DFAS halts hiring ahead of possible sequestration

The Defense Finance and Accounting Service will implement significant cost-cutting measures next week to prepare for the possibility of automatic spending cuts ...

The Defense Finance and Accounting Service will implement significant cost-cutting measures next week to prepare for the possibility of automatic spending cuts due to hit government in March.

DFAS plans to freeze most hiring, reduce travel and overtime, and temporarily halt new employee performance awards “until we have a stronger handle on our budget uncertainties,” DFAS Director Terri McKay said in an email message to DFAS staff last week.

Further steps, such as furloughs, may be necessary in a “worst-case situation,” McKay said, such as sequestration or the expiration of a short-term continuing resolution that’s currently funding government operations.

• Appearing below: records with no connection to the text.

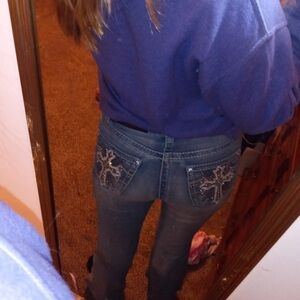 Embellished Boot Cut Jeans in Classic Blue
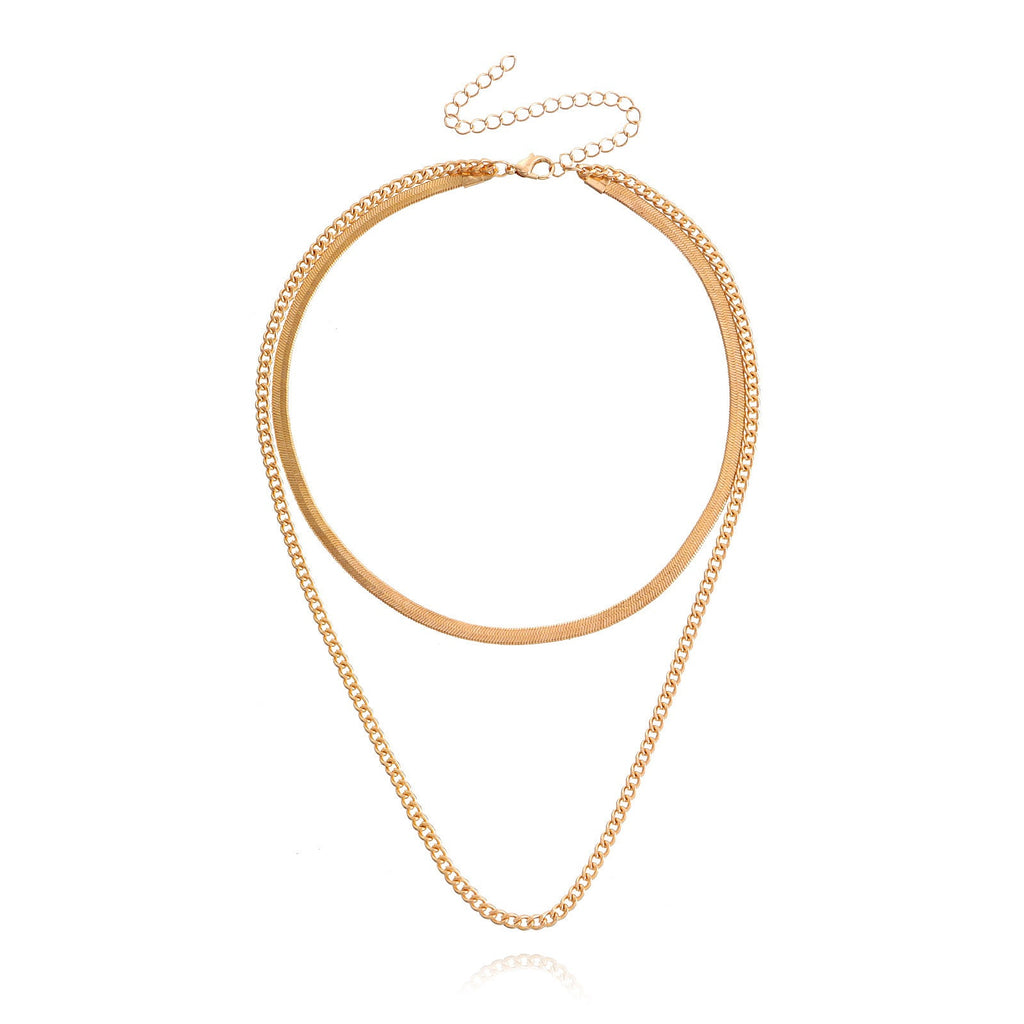 Herringbone Rope Twist Double Chain Layered Necklace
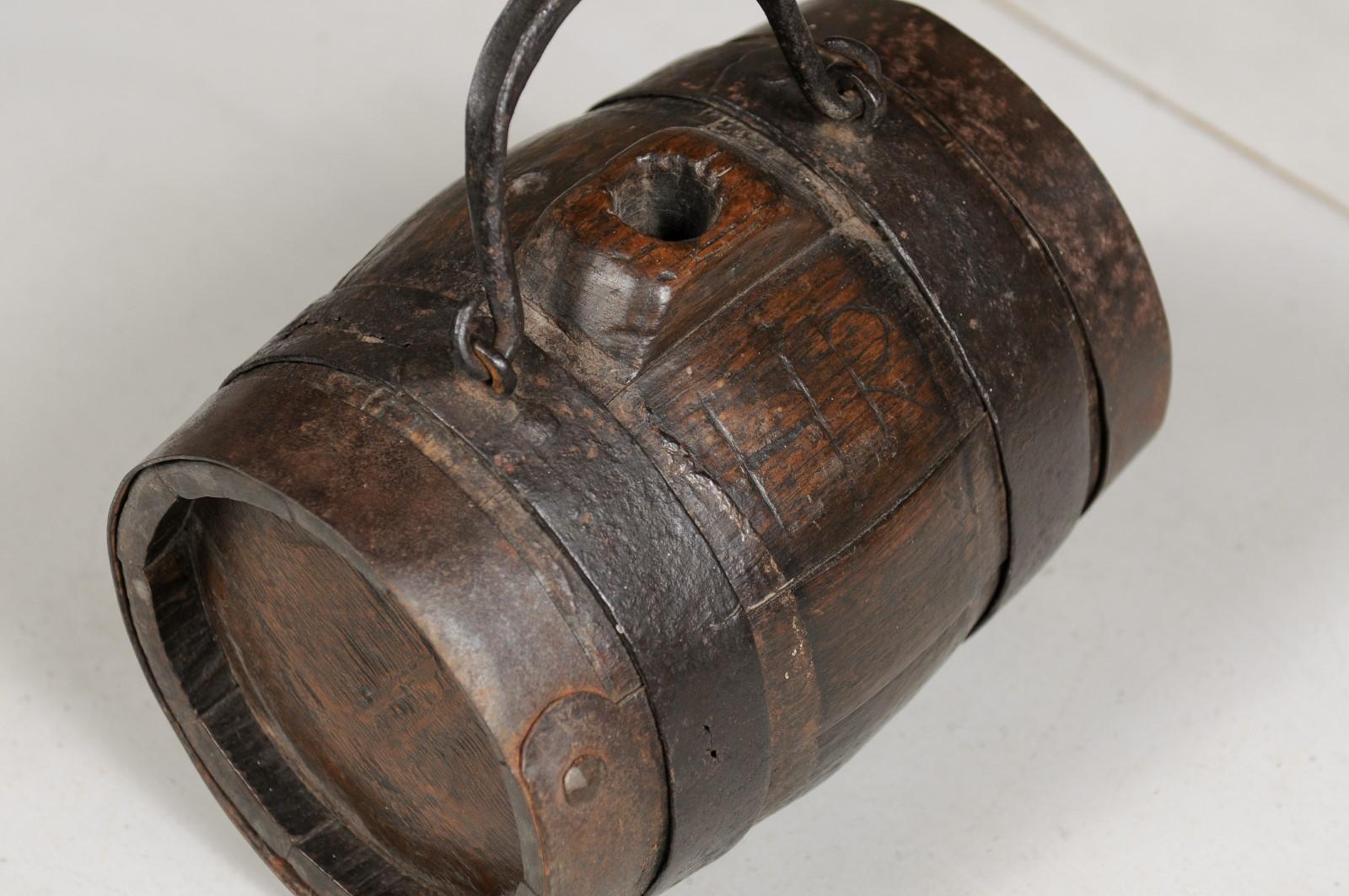Wood Rustic French 19th Century Petite Decorative Barrel with Iron Handle and Braces For Sale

Unless Congress intervenes, sequestration is set to take a 9 percent cut from the defense budget beginning March 1.

McKay’s message follows broader Defense Department guidelines issued by Deputy Defense Secretary Ashton Carter Jan. 10, which called on DoD components to begin tailoring plans for dealing with the budget uncertainty, including by freezing civilian hiring and terminating temporary employees.

McKay said the DFAS cost-cutting measures were discussed at the agency’s labor-management forum where union leaders agreed the steps were “reasonable and responsible.”

Still, the American Federation of Government Employees has criticized what it called the “disproportionate sacrifice” shouldered by federal workers in the Pentagon’s budget guidance.

“Hiring freezes, firing of temporary and term employees, incentives for civilian personnel to retire, and extensive furloughs of in-house staff constitute big hits on the civilian workforce,” said AFGE National President J. David Cox in a letter to Frederick Vollrath, the acting assistant secretary of defense for readiness and force management. “In contrast, service contractors emerge relatively unscathed.”

The Professional Services Council, an industry group that represents defense contractors, called AFGE’s contention “divisive and parochial.”

A number of other DoD components, such as the Air Force and the Army, have also issued service-specific cost-cutting guidance.